The final play of the team's opening possession – a seven-play, 51-yard series – gave New England its first lead of the afternoon. Let's take a closer look at it.
3-5-HST 5 (10:37) (Shotgun) T.Brady pass short left to R.Gronkowski for 5 yards, TOUCHDOWN
Following a defensive holding penalty, the Patriots found themselves in a first and goal situation from Houston's 5-yard line. Two incompletions later, however, the team was suddenly facing a third down. Red zone production was an issue the first two weeks of the season, as New England scored touchdowns on only six of 13 trips inside the opponents' 20-yard line.
In order to avoid further disappointment, Josh McDaniels' unit approached the down with one of its most heavily utilized personnel groups: Three wide receivers, aligned in a trips set on the right side of the formation, joined by running back James White (#28) to quarterback Tom Brady's (#12) left, and tight end Rob Gronkowski (#87) split out wide to blind side:
Houston's defense countered with a cover 3 look: Man coverage on the outside and in the underneath areas, with one safety in the middle of the field. Given the way New England's offense was aligned, the left side was favored as the designed spot to attack; especially with Gronkowski being left in one-on-one coverage by safety Corey Moore (#43).
Right after the snap, the quarterback's eyes went to the expected left side of the field. However, the safety manning the middle – Andre Hal (#29) – did not immediately react and key in on Gronkowski. Instead, he was hesitant to abandon the area underneath due to White releasing into the left-side flat:
With Hal being stuck in virtual no man's land, New England played an easy pitch-and-catch game on the left side boundary. Gronkowski ran a simple corner route with the cut coming near the goal line. A little stutter step froze Moore for an instant and gave the big target enough space to get outside leverage. It was the same route concept as on the previous play but this time Brady hit the NFL's best tight end.

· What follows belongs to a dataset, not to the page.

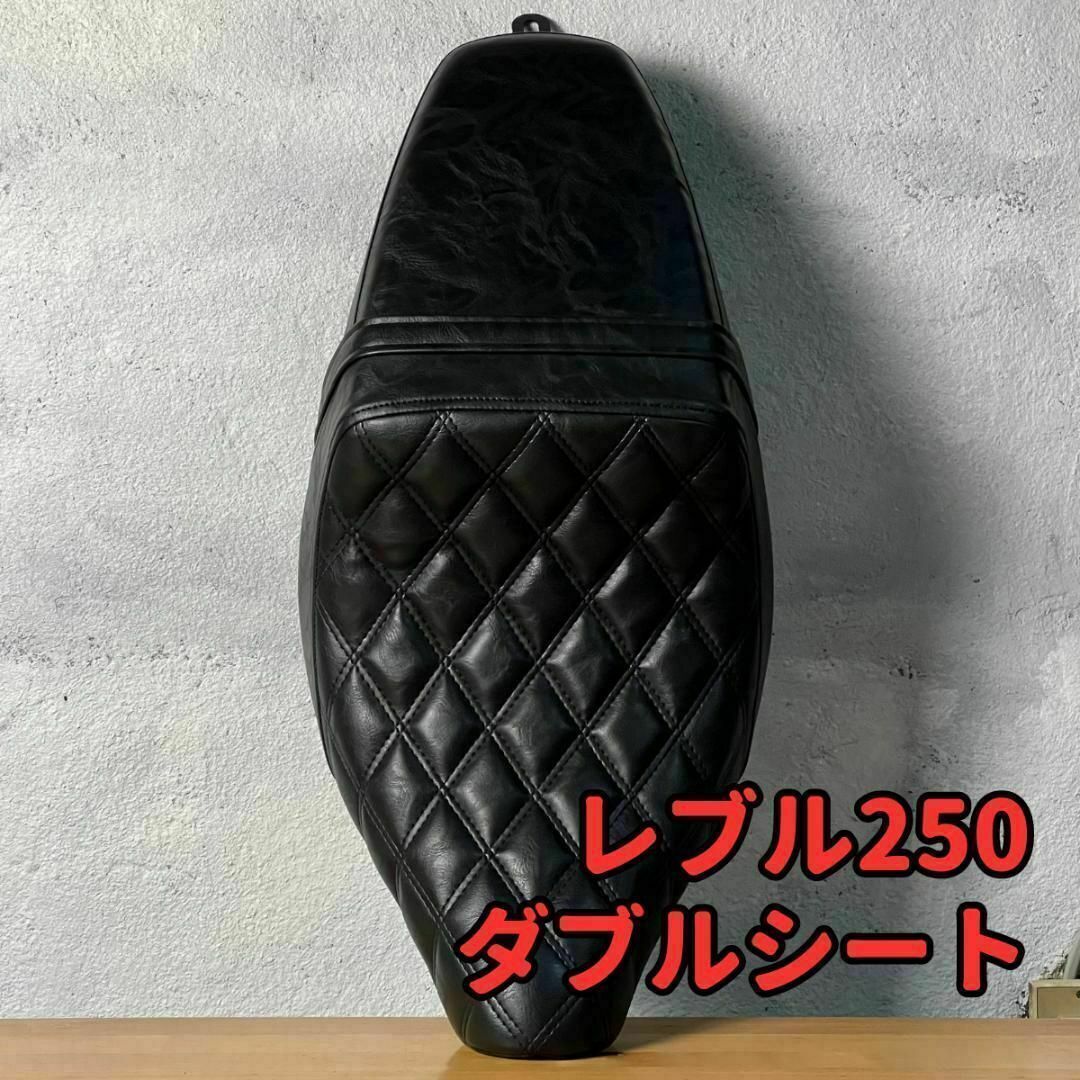 レブル250 ダブルシート タンデムベルト付 ☆ 当日or翌日発送 レブル250 ダブルシート タンデムベルト付 ☆ 当日or翌日発送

Even though Moore was still in a solid position to defend the back-shoulder pass, he could not do it: Brady placed the ball perfectly in a spot where only his intended receiver was able to get it:
The play, which gave New England a 7-0 lead, was a simple concept but one that shows what makes the Brady-Gronkowski connection so dangerous: The ability to exploit one-on-one matchups with size, pinpoint accuracy and chemistry. After all, Brady and Gronkowski were on the same page from the get go.